King Samaratungga was traditionally regarded as the Javanese king responsible for the the completion of Borobudur. Construction of the monument took an estimate of 75 years and it follows the Javanese Buddhist architecture preaching the concept of attaining Nirvana. It is said to have the largest and most complete ensemble of Buddhist reliefs in the world. Viewed from above, Borobudur is like a Buddhist mandala with a square foundation measuring 118 meters on each side. There are altogether 9 platforms of which the lower 6 are square and the top 3 are circular. There are 72 small stupas, some with Buddha statues sitting inside, surrounding one large central stupa at the top. The 9 platforms are divided into the three realms of Buddhist cosmology: Kamadhatu (the realm of feeling and desire), Rupadhatu (the realm of forms), and Arupadhatu (the realm of formlessness). Ordinary people usually live out their lives on the lowest level and their actions are governed by their feelings and desires. This is represented by the lowest square platform. Those who are evolved and no longer have desires in the earthly world graduate to the realm of forms where they see forms but are not drawn to them. This realm is represented by the 2nd to the 5th square platforms. Those who reach nirvana become full buddhas and escape the cycle of Samsara and go to the realm of formlessness, represented by the top 3 circular platforms. From the base of the monument, Buddhist pilgrims follow an extensive system of stairs and corridors around each of the platforms ascending to the top symbolizing the goal to reach enlightenment and liberation from the cycle of life, death, and rebirth. Over 1,500 reliefs tell the story and different lives of the Lord Buddha and it is said that making the pilgrimage is equivalent to receiving a complete set of Buddhist teachings.

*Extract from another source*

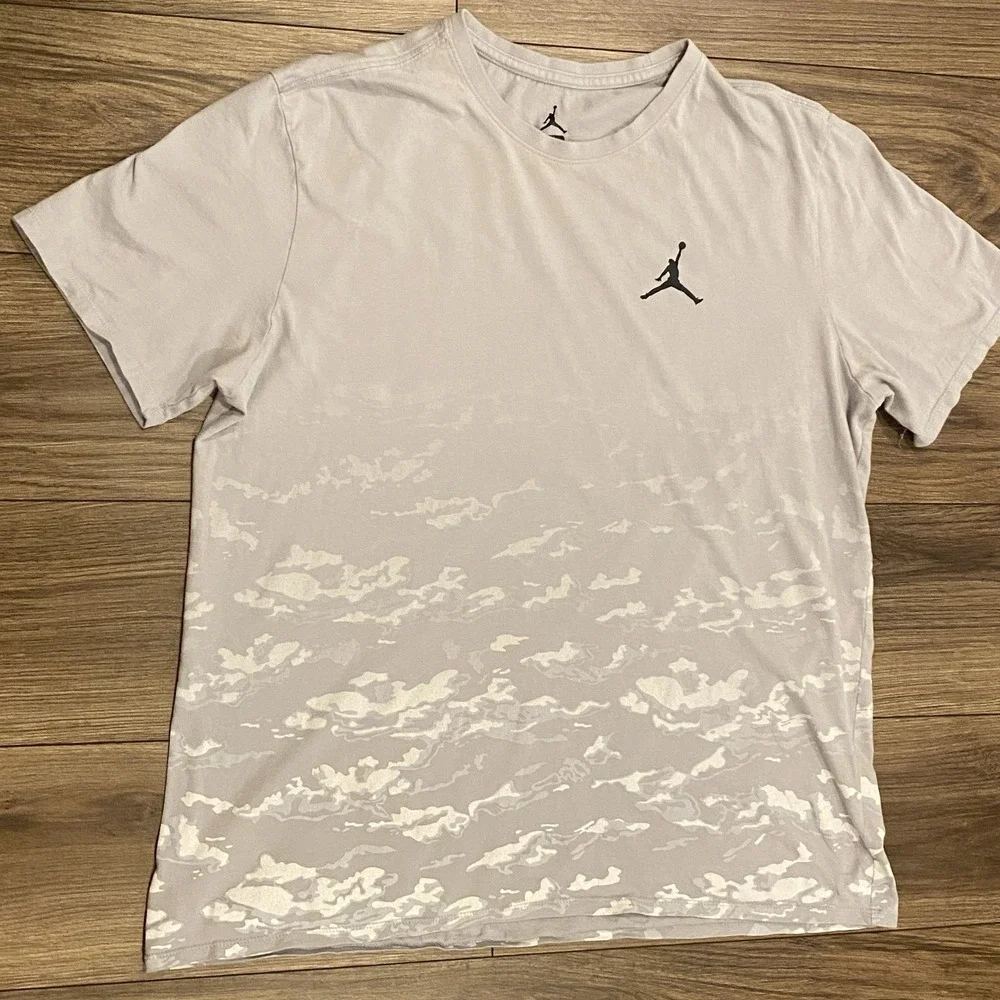 Air Jordan Cloud Pattern T-Shirt Streetwear Athletic Casual Gray White XL
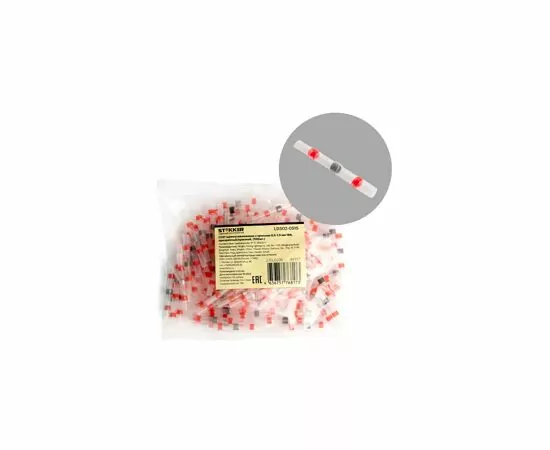 865449 - STEKKER гильза термоусаж с припоем ГСИ 0,5-1,5мм2 19A, прозрачн/красный (уп.100шт, цена за шт) 49157 (2)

Legend has it that the area where Borobudur is located is a Javanese sacred place also known as the garden of Java. Archaeologists discovered that Borobudur and two smaller temples, Pawon and Mendut, were all built along a straight line but how these Buddhist temples interacted with each other remains a mystery. Pawon, also built during the Sailendra Dynasty, stands between Borobudur and Mendut and is the smallest of the three Buddhist temples. The name Pawon translates to “place that contains dust” in Javanese leading to the hypothesis that it served as a tomb or a mortuary temple for a king. Many also believed that this temple was used to purify oneself before arriving at Borobudur during the annual Vesak ritual where during the full moon in May or June, Buddhists walk from Mendut to Pawon and then ending at Borobudur. As we were all quite tired from the early morning rise, we skipped Pawon but did stop by Mendut. Mendut is the oldest of the three Buddhist temples believed to be built in 824 by the Sailendra King Indra. Along the walls are bas-relief of the Jataka tales narrating the previous births of the Buddha in both human and animal form. In the front chamber of the temple is a bas-relief of Hariti who is a Javanese symbol of fertility and the patroness of motherhood and protector of children. Childless couples like to come here to pray to Hariti. In the main chamber is the 3-meter tall Dhyani Buddha Vairocana statue flanked by Bodhisattva Avalokitesvara and Bodhisattva Vajrapani. Buddha Vairocana is considered a Primordial Buddha meant to liberate devotees from the bodily karma. Bodhisattva Avalokitesvara or Guanyin for the Chinese Buddhists is the compassionate bodhisattva who hears the cries of the sentient beings and Bodhisattva Vajrapani is the protector and guide of Gautama Buddha and came to symbolize the Buddha’s power. To Javanese Buddhists, praying here at Mendut temple is believed to fulfil wishes especially to recover from illnesses.